The three of us are like sisters from different mothers. And it’s a description that’s particularly poignant, since we find ourselves again at similar stages now, in middle age. We’ve all lost our mothers recently—Kris most recently—and there was just something so enriching about spending time with close friends who know you and get you. And still want to spend time with you anyway. 🙂

Tamara lives in the 20th Arrondissement, in a lovely apartment that is amazingly quiet, and within walking distance of Père Lachaise cemetery. We spent the first day walking our way to Père Lachaise, and took a detour through the Petite Ceinture, a railway line that’s no longer in use.

The second day was rainy, and we wandered the Marais, shopped, and ducked into three different churches. None of them the BIG Notre Dame.

On Sunday, the third day, we headed outside the city to Crécy-la-Chapelle, to a special event at Le Moulin Jaune. A man named Slava opens up this property to the public every few months. On this particular Sunday, the gardens were open to wander, and it was a true “through the looking glass” experience. It was raining, and the damp only added to the chill we all felt. But there was borscht and vin chaud at the end, and we all left with some amazing pictures and a true sense memory of a very unique place.

Finally, in the time just passed, I had plenty of opportunity to reflect on my writing life. I’ve been on this writing journey for the past seven years, and was pretty quiet about it for the first five. But Kris and Tamara have known since the early days, probably since Tamara’s going-away-party when she left for Paris.

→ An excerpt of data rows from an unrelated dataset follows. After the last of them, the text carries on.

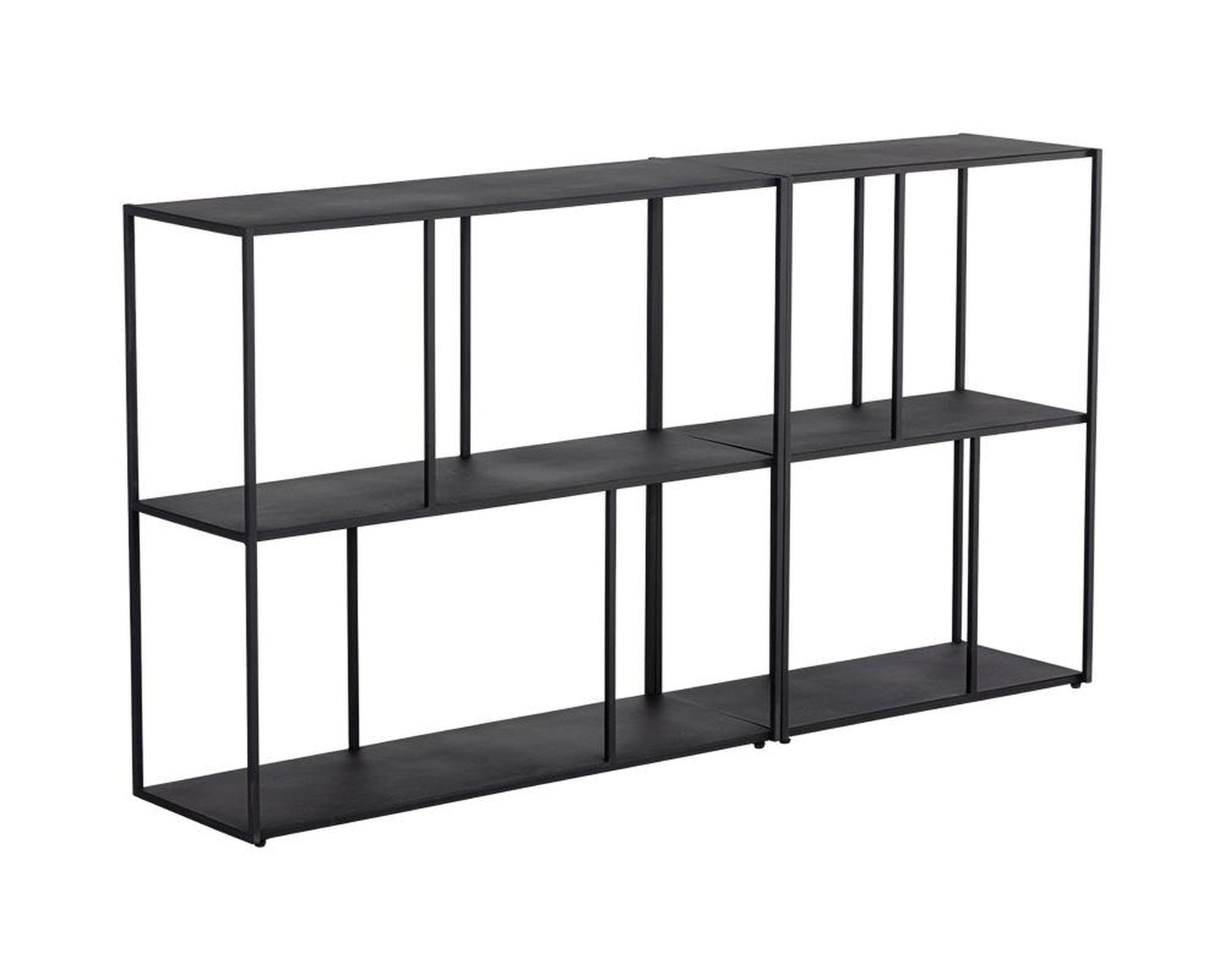 Sunpan Eiffel Low Bookcase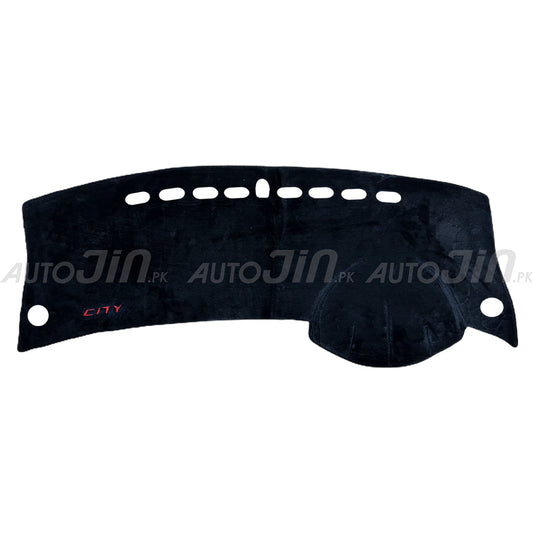 Honda City 2009-2020 Velvet Dashboard Mat 1000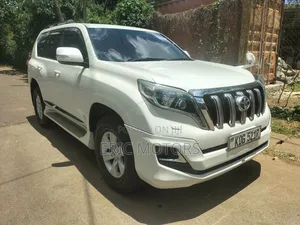 Toyota Land Cruiser Prado 2016 White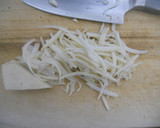 大根の皮と根菜のかき揚げ作り方1写真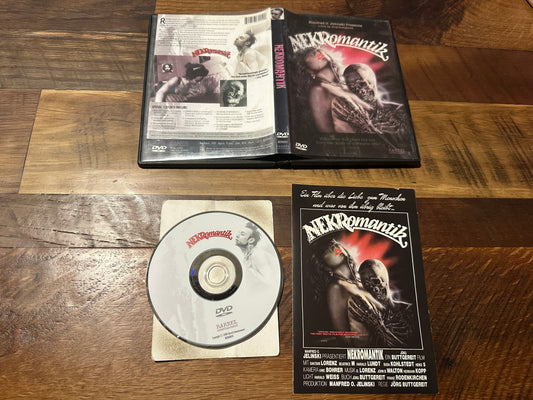 Nekromantik (DVD-Barrel Entertainment, 80’s Bizarre Horror)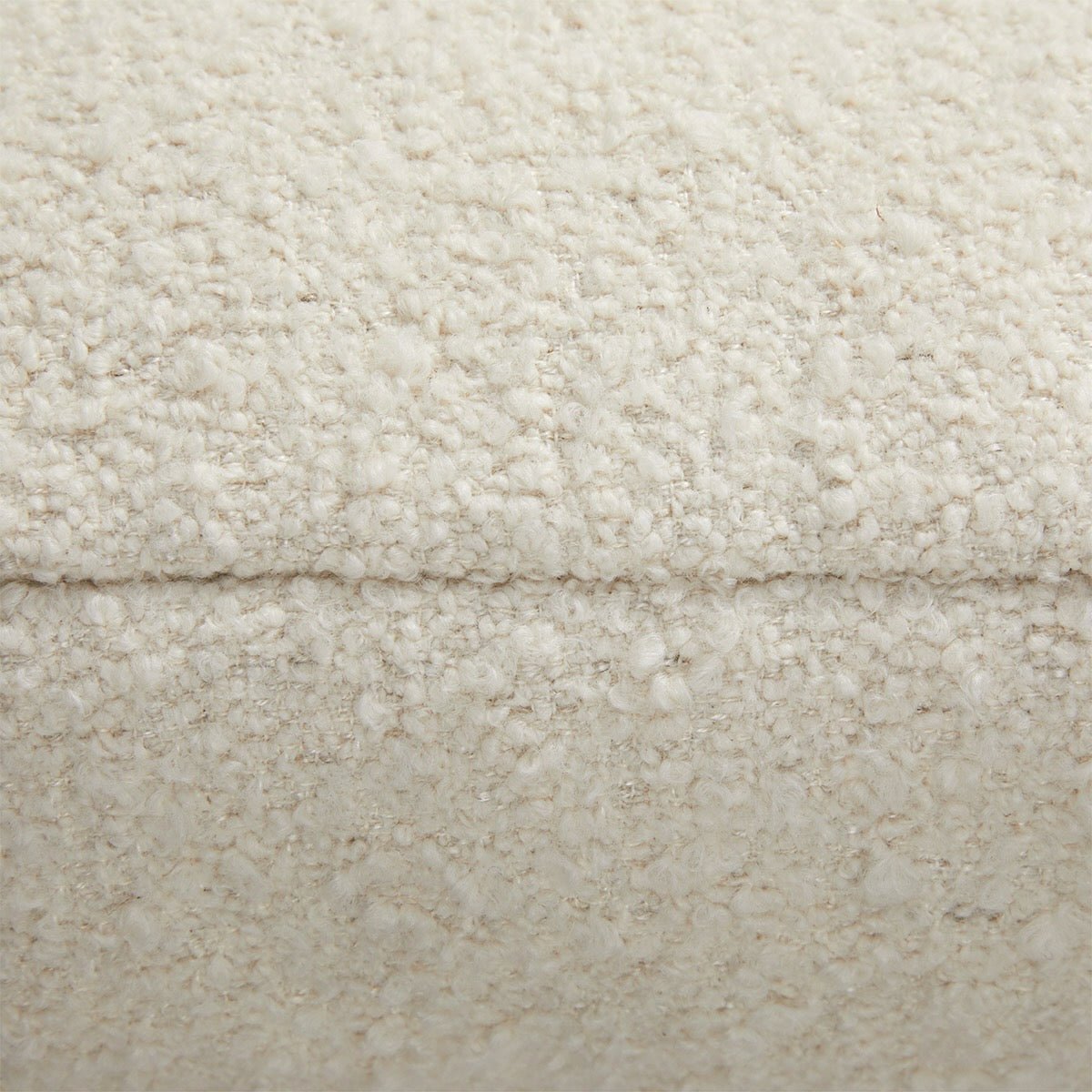 Pillows 13 x 22 Naturel Bouclette Yves Delorme Decoration Bouclette 4 at Fig Linens and Home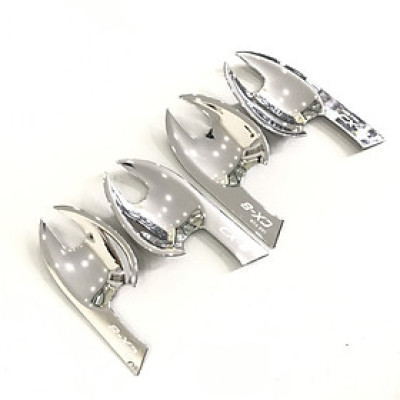 Bộ ốp Hõm Cửa mạ Crom dành cho xe Mazda CX-8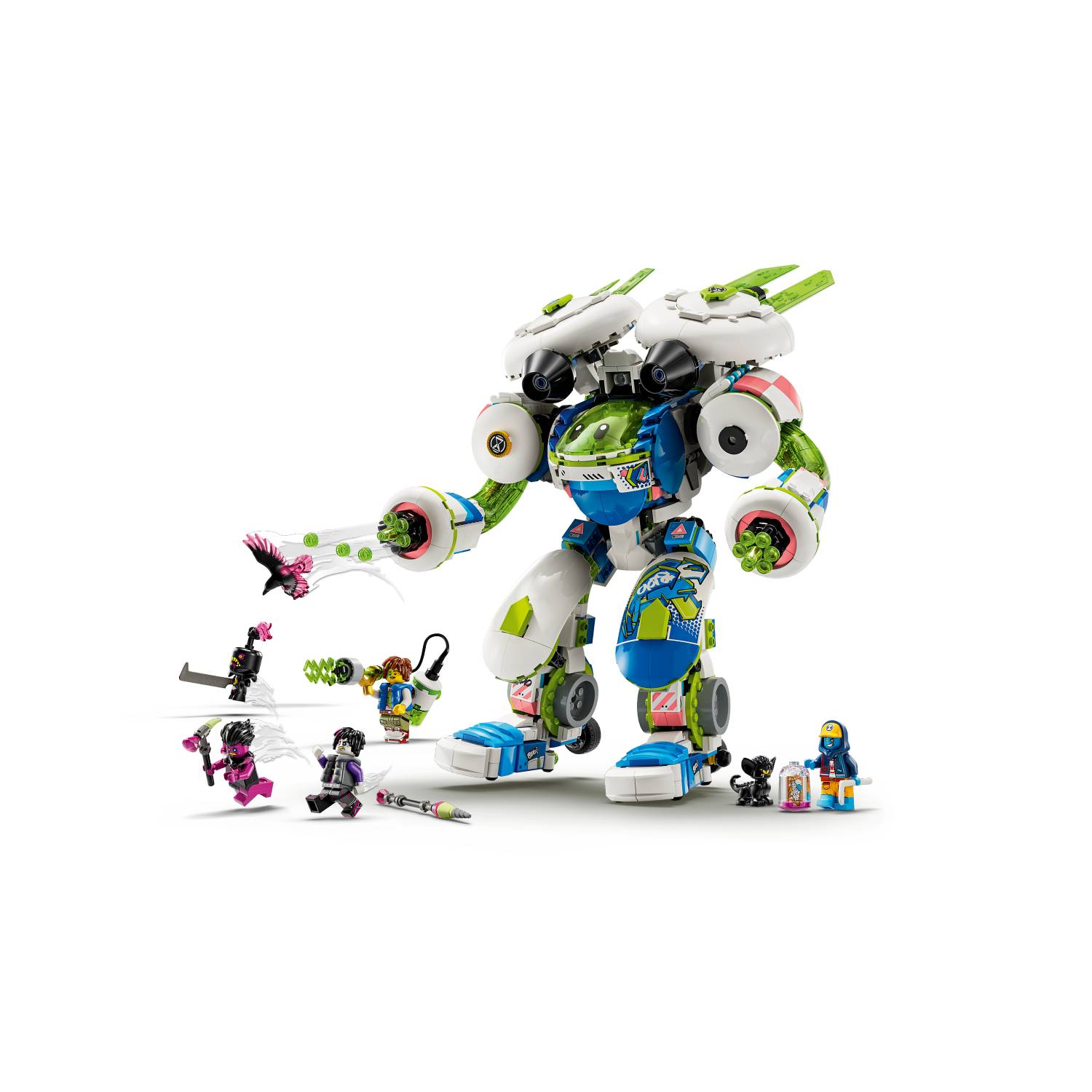 Lego 71485 Mateo i Z-Blob sa borbenim robotom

So it was nice to look down the abandoned underground passages of the Petite Ceinture, and say something about how it made me think of C.H.U.D., and not have my companions blink an eye. Or same thing, when I expressed how a gypsy wagon on the grounds of Le Moulin Jaune haunted me in a downright preternatural way.

My soul’s been enriched and my imagination sparked. Don’t think I could ask for much more.

On the Petite Ceinture. C.H.U.D. might be lurking.
Amazing roses in the Marais
The organ at St. Eustache
Les jardins des Moulin Jaune
The gypsy wagon. And yes, that is a white rabbit in the background.